Demokratik rejimlerin doğası gereği iktidarın dayanak yaptığı hikâyede söylenecek söz tükendiğinde son noktanın konulması kaçınılmazdır.
Çoğunluk iradesine dayandırılan iktidar denklemi azınlığın çoğunluk haline gelmesine olanak sağladığı için demokratik sistem tanımı içinde değerlendiriliyor.
İktidar olgusal olarak her zaman 'tümü' temsil eden bir siyasal organizasyon değildir.
"Genel iradenin" yansıması olarak iktidar organizasyonunu mümkün kılan siyasal rejim kavramsal olarak yoktur.
"Genel irade" daha çok çoğunluğun iradesi olarak algılanır. Demokratik olma özelliği ise azınlığın çoğunluk olma hakkına sahip olmasıyla tanımlanır.
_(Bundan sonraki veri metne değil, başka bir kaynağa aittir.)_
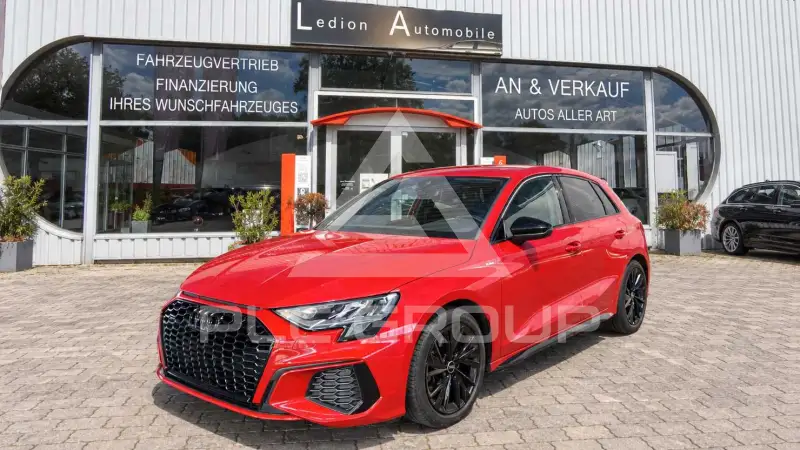 2022 Audi A3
Partili siyasal rejimlerin dayandığı bu demokrasi oyununda çoğunluğu ikna edebilen iktidara gelir ve inanırlığını yitirdiğinde de giderler.
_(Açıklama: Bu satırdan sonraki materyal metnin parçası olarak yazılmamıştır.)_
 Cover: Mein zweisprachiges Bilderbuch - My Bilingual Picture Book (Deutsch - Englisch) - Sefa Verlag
Demokrasi oyununda iktidar-muhalefet denkleminde değişkenliğin mümkün kılınması tek başına demokratik teamülü tamamlamaz.
Eğer ki toplum denilen mefhum kendi içinde farklılıklar içeriyorsa azınlık-çoğunluk ikilemi her zaman demokratik teamülün gerçeklemesi ifade etmeyecektir.
İçsel farklılıkların kendi içinde yaşam güvencelerini oluşturmaksızın "genel irade" gerçekleşmesi beklenmez.
Nitekim Türkiye'de siyasetin daimi gündemi olan demokratikleşme tekil iradeye dayandırılan iradi merkezcilikten kaynaklı olarak sonlanamıyor.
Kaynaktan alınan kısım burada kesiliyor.